Monday 1 October 2012

Help!

A little digression today about a common musical emergency. That great hit song. In this case, Umbrella by Rihanna. You want to play it so you get an easy arrangement from the local music shop. You get it back home and it doesn't sound anything like the record. That was the emergency faced by Jane, one of my piano students today. Boy, did that take me back! When I was a teenager in Abertillery we'd go to Paul's music shop in Somerset Street on a Saturday afternoon and all the latest songs would be displayed in the window of what was essentially quite a small terraced house. Inside, in the front room there was a kind of big table with a board stood up at the back and it was all covered with sheet music. Every surface. It doesn't matter what you wanted to play, Lottie Paul would shuffle out from whatever was through the mysterious doorway to the left of all the clutter and would always be able to find it somehow. For instance, Bryan Ferry brought out a version of These Foolish Things and she found it easily and we came back home with it. In the front room with my "classical piano training" I puzzled it out - it was our second piano by now, a little better than the first one but a full semitone flat. My rendition sounded OK . . . but there was something lacking. Meanwhile, Dylan with his guitar was singing a great version of it. "What are you doing, Dylan? You can't even read music but you can sing the song!" "I'm just playing the guitar chords. See these letters above the music? C . . . F . . . em - that means C major, F major, E minor and so on." It's a big step forward on the piano when you can construct the chords at the keyboard from those letters.

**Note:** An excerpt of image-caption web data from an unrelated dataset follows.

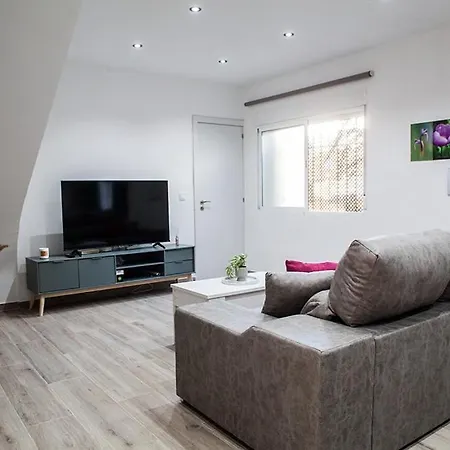 Casa Molino San Antonio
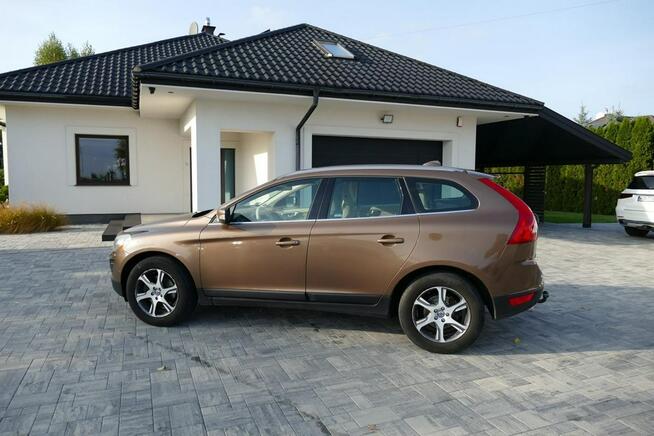 Volvo XC 60 Salon Polska! Momentum! Gwarancja! Grójec - zdjęcie 9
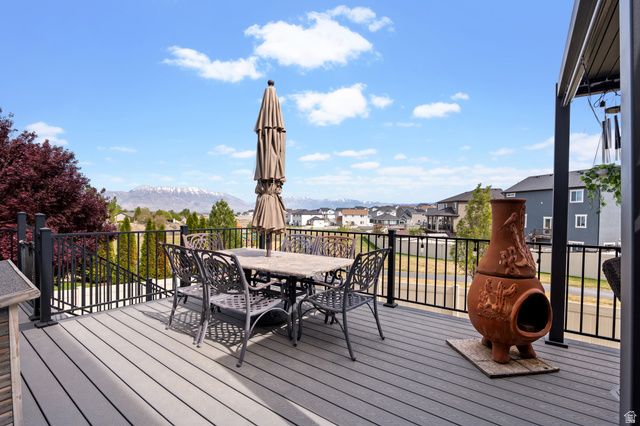 7540 N EVANS DR, Eagle Mountain, UT 84005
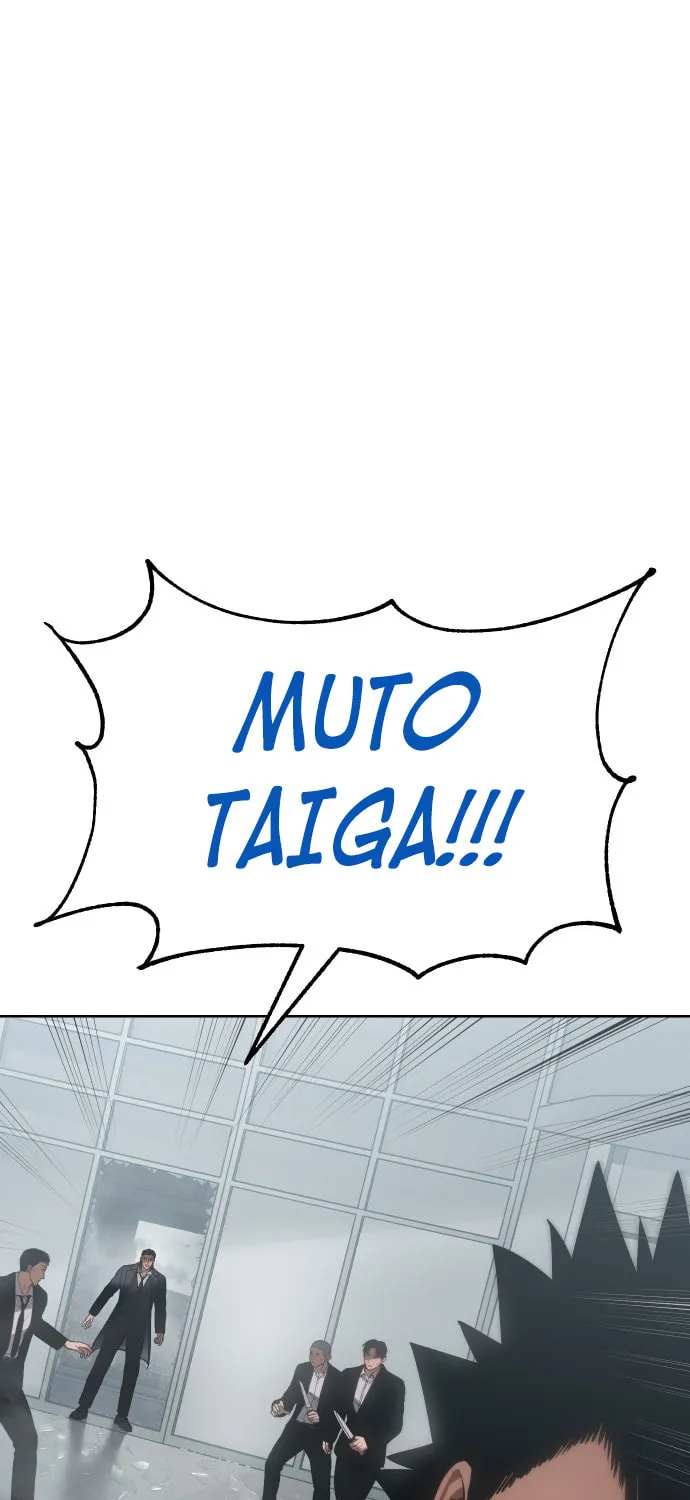 Baek XX Chapter 64 page 180 - 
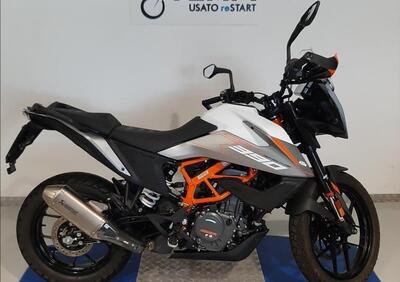 KTM 390 Adventure (2022 - 24) - Annuncio 9558898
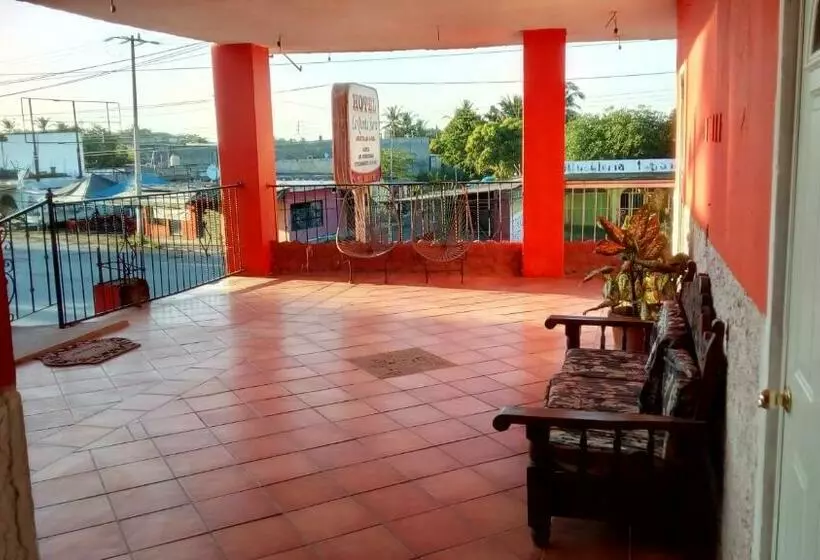 Hotelli Quinta Sierra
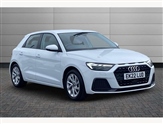 Audi A1 Image 1
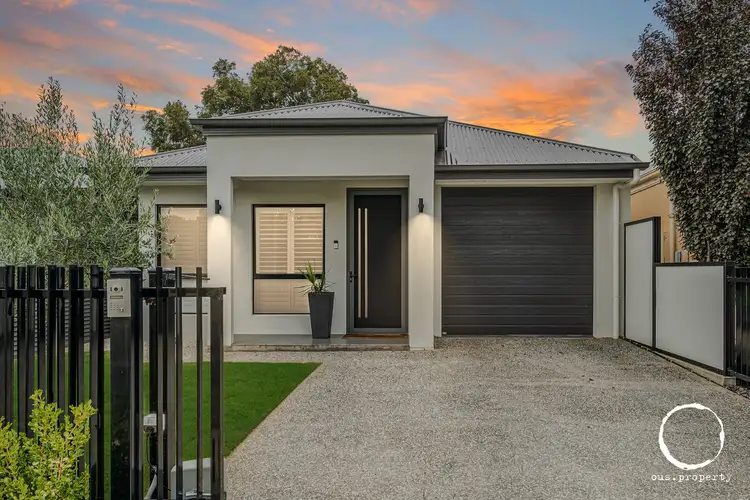 17A Coral Sea Road, Fulham SA 5024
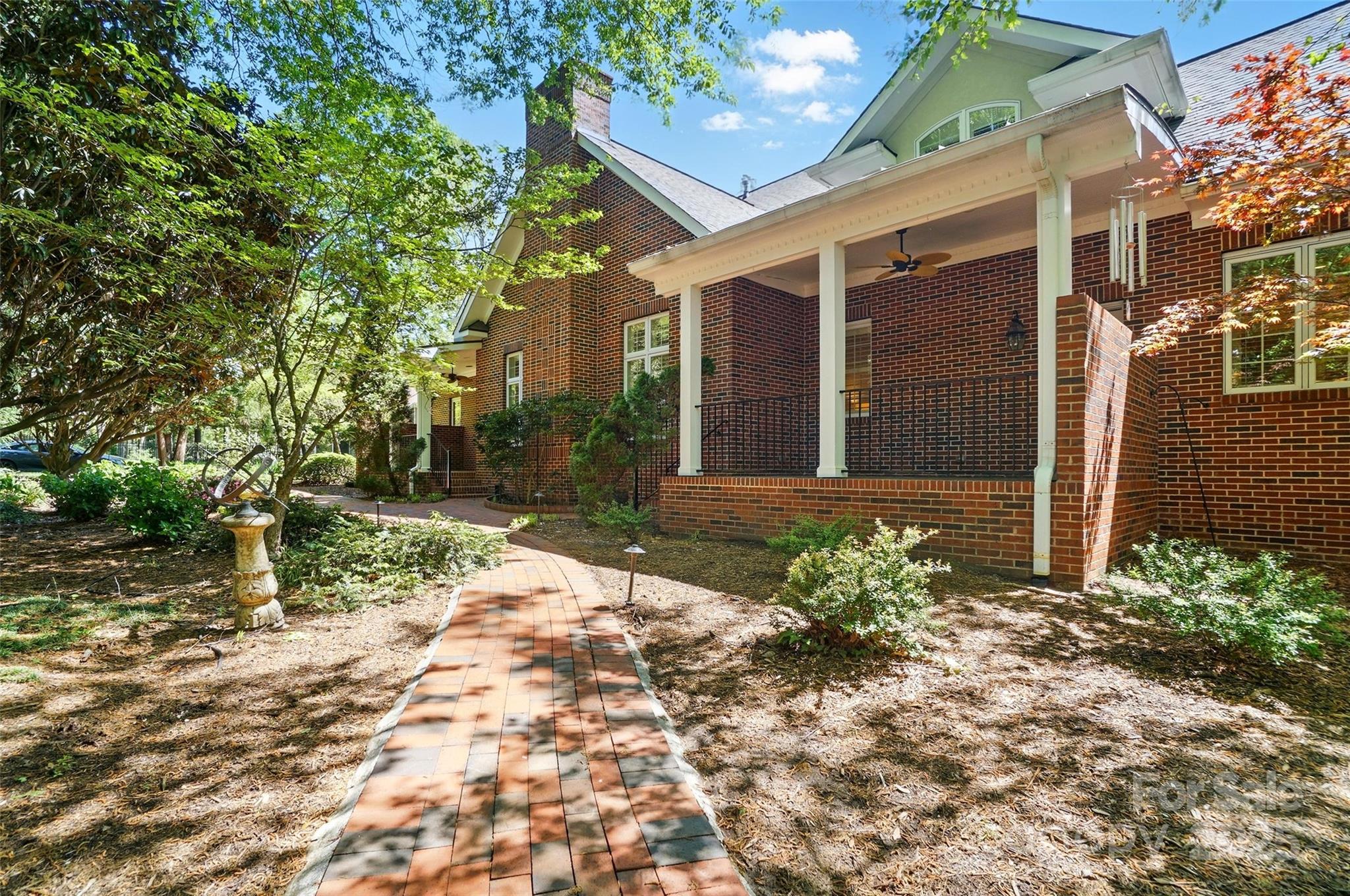 Overlook - Residential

Back to Umbrella by Rihanna. Apparently, it took four people to write that, yet it can all be played just on the white notes of the piano with three note chords in the left hand. Essentially, you play the letter name of the chord, call it number one and add three and five up from it. If it doesn't sound quite right, you mess around with the middle note, number three. Emergency sorted! Meanwhile Rihanna is probably saying, "I wish somebody would write me another Umbrella." That's one great thing about music: it's so simple but it can earn you millions of pounds - but only if you get it right.